Why useless? They give information and if you draw the right conclusion from it maybe your "stand on gaming" would have been recognized better.
These are modern games (at least most of them) and 9700K is almost maxed out. So your stand on games might have been right 3 years ago. Nobody is going to benchmark CPU for gaming with GTA V cause that's like an old relic game bro. Besides if the CPU 9700K shows this behavior now (like you said with random, useless games) I wonder, how this CPU will do with 2020 games? It is changing and if the 9700K isn't the best in some new games now (random and useless as you said) then maybe within time this some random useless games might become most common, requiring more resources from a CPU games, people do benchmarks with.


----------



## Hyderz (Oct 24, 2019)

i'd go 3700x than i7 9700, better value and intel you need to buy a cooler on top of it.


----------



## wolar (Oct 24, 2019)

@king of swag187
Intel is only better on extremely high fps and that happens only on some games(albeit most but still not all). I had a friend that wanted 300fps on overwatch(yes it actually matters in overwatch to have that high fps) and was really disappointed picking amd instead of intel as the difference was immense on that high fps(over 80fps), that is really rare though and he was using a first gen ryzen.
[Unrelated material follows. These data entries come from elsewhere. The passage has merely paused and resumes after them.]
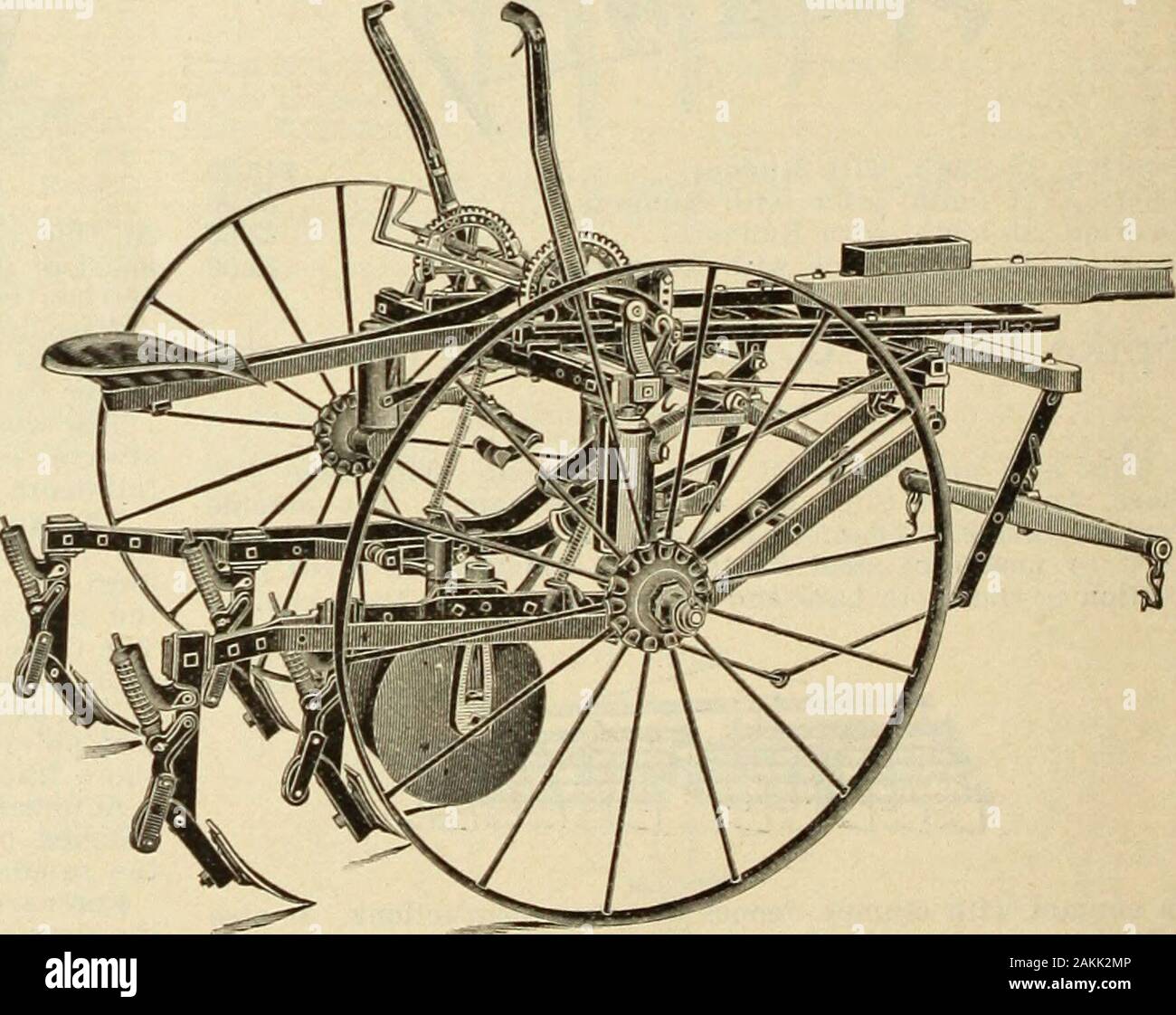 Catalogo annuale : Macchine, concimi, sementi, etc1917 . Prezzo. .$30.00 La Buckeye perno assale pressione RidingCultivators del piede sul piede-leva ruota leruote e sposta le travi allo stesso tempo,quindi il cambio tutto il coltivatore istantaneamente in direzione thedesired. Lo spazio tra le travi possono essere immediatamente changedwhile la macchina è in moto da una leva convenientspacing. Singola aletta; tubo quadrato telaio in acciaio; quarantadue pollici ruote in acciaio; la pressione della molla; acciaio seatadjustable per lunghezza e altezza; discesa sollevatore-di-rettamente collegato con fasci; altezza di arco, 34pollici; regolabile arch. Foto Stock Catalogo annuale : Macchine, concimi, sementi, etc1917 . Prezzo. .$30.00 La Buckeye perno assale pressione RidingCultivators del piede sul piede-leva ruota leruote e sposta le travi allo stesso tempo,quindi il cambio tutto il coltivatore istantaneamente in direzione thedesired. Lo spazio tra le travi possono essere immediatamente changedwhile la macchina è in moto da una leva convenientspacing. Singola aletta; tubo quadrato telaio in acciaio; quarantadue pollici ruote in acciaio; la pressione della molla; acciaio seatadjustable per lunghezza e altezza; discesa sollevatore-di-rettamente collegato con fasci; altezza di arco, 34pollici; regolabile arch. Foto Stock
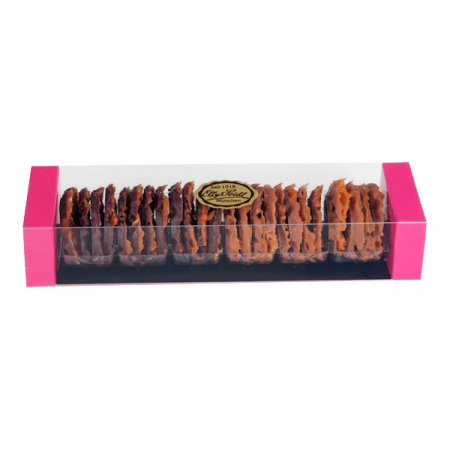 ES_Produkte_Naschwerk_Florentiner_gemischt_klein Mini-Florentiner Vollmilch & Zartbitter, kleine Stange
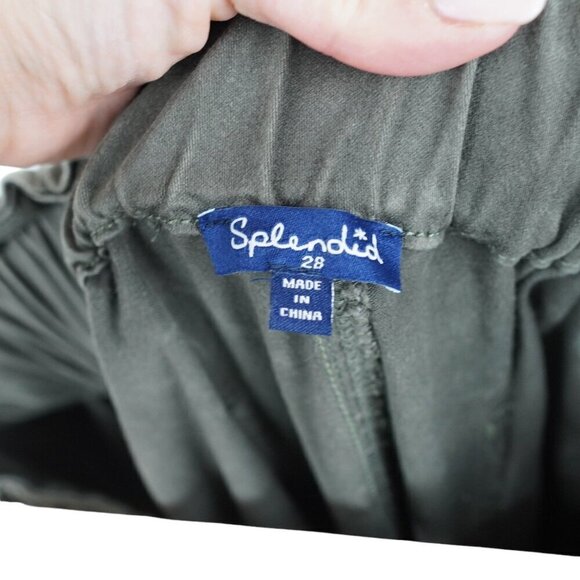 Splendid Womens Elastic Waist Cargo Pants‎ Size 28 - Picture 11 of 14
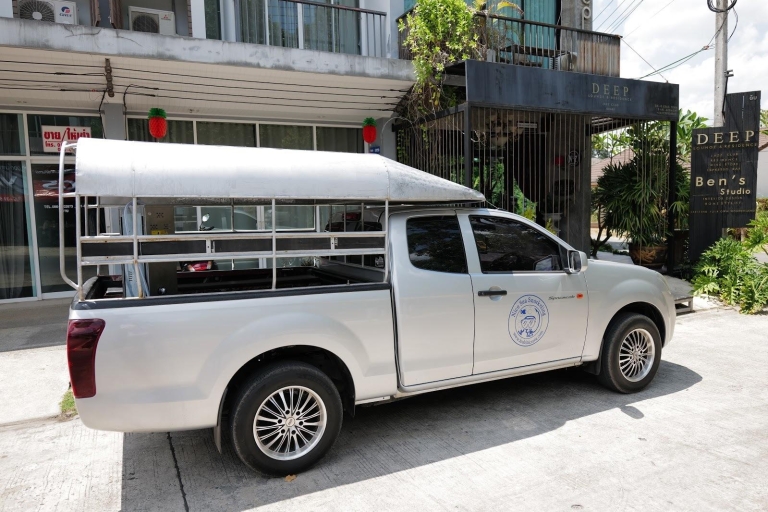 Krabi: Freitauchen und Schnorcheln in Yawasam und Talu IslandTreffpunkt im Phra Nang Inn Hotel in Ao Nang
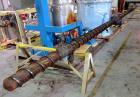 Used Erema Model 1718 TVE-DD-LF Double Vented Barrel with Vacuum System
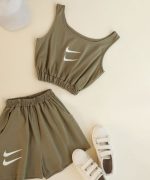 ست تاپ شورتک نایک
If the client doesn't really care for such extremes then amd is the choice for sure, also 3rd gen ryzen cpus improved on their high fps as well so its not that big of a gap now.


----------



## Johnt31 (Oct 28, 2019)

I controlled the cpu and gpu loads on his pc on rainbow six siège and he screen was lg 2253v 60hz   1920x1080
test in same graphic configuration 

GPU load 80% and  69°c
CPU load 100% 55°c

*AS400 kingson 256 gb*

GPU load 38 to 70% and  55°c
CPU load 95% 50°c

*840 evo 256 gb*


is this normal load cpu is utilised at  100%  ?


----------